WORK INSTRUCTIONS:
Please write out every line of the material, leaving out any picture.

RECORDED INFORMATION:
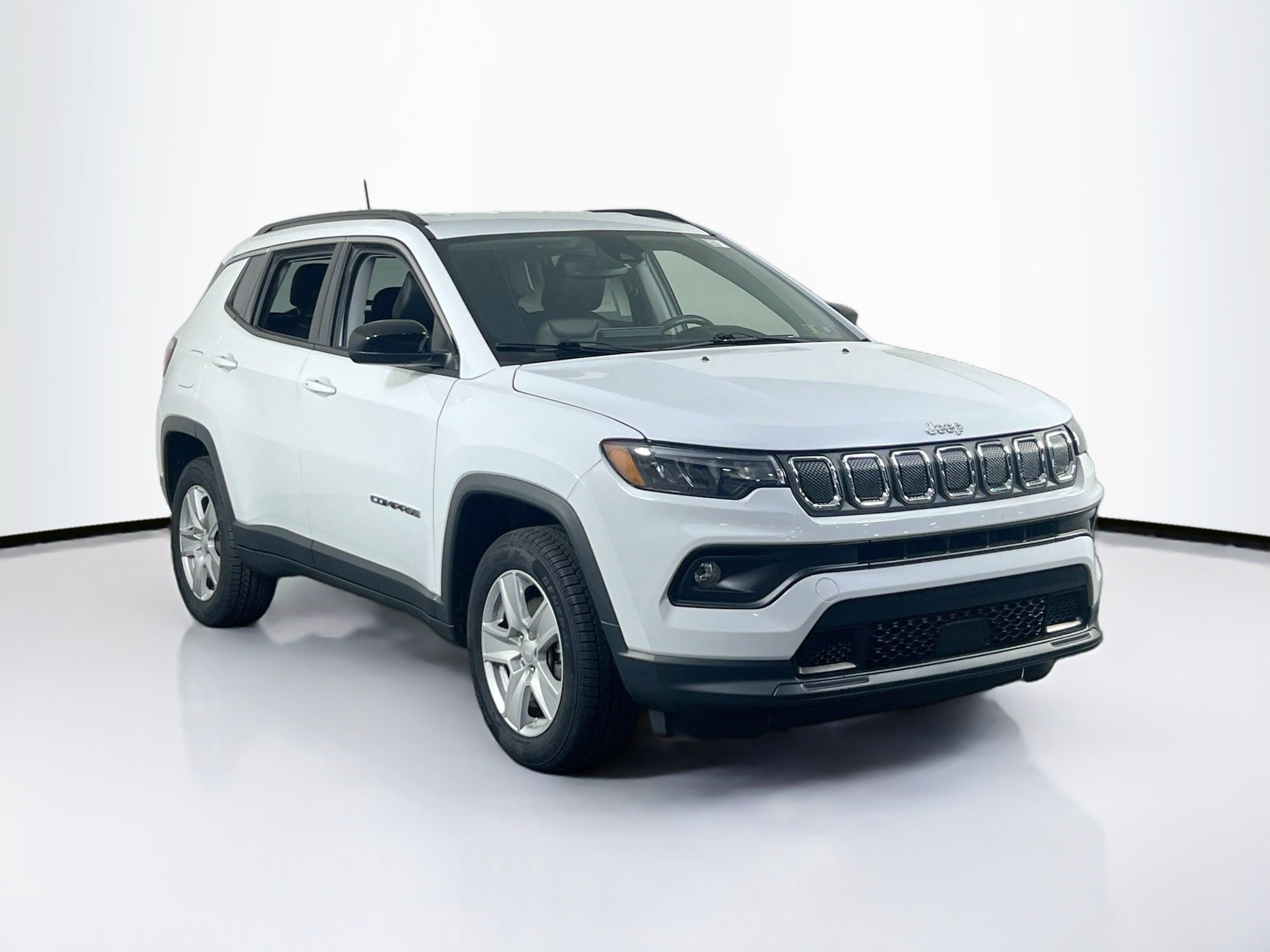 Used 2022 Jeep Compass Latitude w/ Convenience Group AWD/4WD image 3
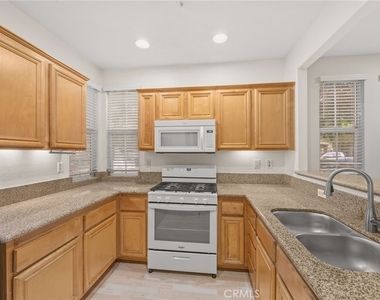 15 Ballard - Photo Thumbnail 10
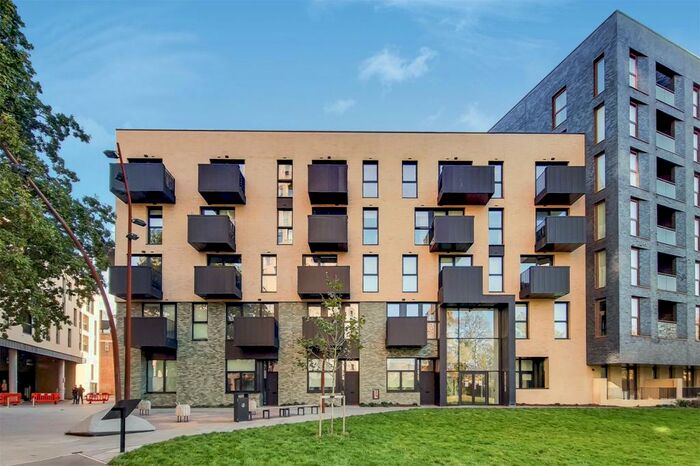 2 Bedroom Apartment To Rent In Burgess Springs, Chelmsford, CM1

YOUR SOLUTION:
 Used 2022 Jeep Compass Latitude w/ Convenience Group AWD/4WD image 3
 15 Ballard - Photo Thumbnail 10
 2 Bedroom Apartment To Rent In Burgess Springs, Chelmsford, CM1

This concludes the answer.